A Steinway grand piano carved with Maori patterns is part of Michael Parekowhai's installation at this year's Venice Biennale. Adam Gifford talks to piano restorer David Jenkin about the instrument's journey to Italy.
The piano going to Venice was part of New Zealand's cultural history even before Michael Parekowhai took to it with chisels. Restorer David Jenkin says the Steinway concert grand was first sold in London in 1926 and shipped to New Zealand half a century ago.
Inside the body was pencilled a dedication: "Dear friends, may this beautiful instrument bring you happiness and inspiration. All my love, Lili Kraus, London, Christmas 1959."
Kraus was a Hungarian-born pianist who wound up in New Zealand in 1945 after three years in a Japanese prison camp in Indonesia. She toured the country extensively before moving to England in 1948, and her concerts would have been the first time many New Zealanders heard live performances of Beethoven, Mozart and other greats of the classical canon.
"Michael has this thing about pianos, as a statement of high Western art," Jenkin says.
"This piano was probably selected by Lili from Steinway in London for broadcasting or one of the town halls. When I first came across it, it belonged to a jazz pianist in Whangarei.
"Then Michael turned up with it [in 2002] and said, 'Can you do anything?' I said if you're serious, it will need some serious work and he said, 'I am serious'."
There is a tradition of art case pianos, where material is added to the outside then carved.

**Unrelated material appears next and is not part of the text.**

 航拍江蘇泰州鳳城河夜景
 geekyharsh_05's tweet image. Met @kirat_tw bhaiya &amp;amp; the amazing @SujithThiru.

"But they are mostly ugly," says Jenkin. "Michael's aesthetic is around the shape of the piano."
That meant the carving needed to be in the existing rim, but when it came back to Jenkin's Glenfield workshop in 2006, about a third of the mass was gone, which need to be returned for strength and to restore tone.
"We got oak and mahogany, put it through the thicknesser, and laminated it in alternate 2mm horizontal bands around the inside of the piano. It was a nightmare of a job, but we understood why he had to do it that way."
The cast iron frame was trimmed 10mm all round to fit in the new frame on a redesigned mounting system, and a new soundboard installed.
Because it is pierced by carvings, the lid does not reflect sound in the way of normal grands, creating a more diffuse effect.
"I have to say I think it's a thing of spectacular beauty. I love it, and I love that it's a Steinway concert grand and I love that it kind of looks tribal," Jenkin says.
He won't reveal how much his part of the job cost, but "it's the most extensive and expensive piano restoration ever done in New Zealand".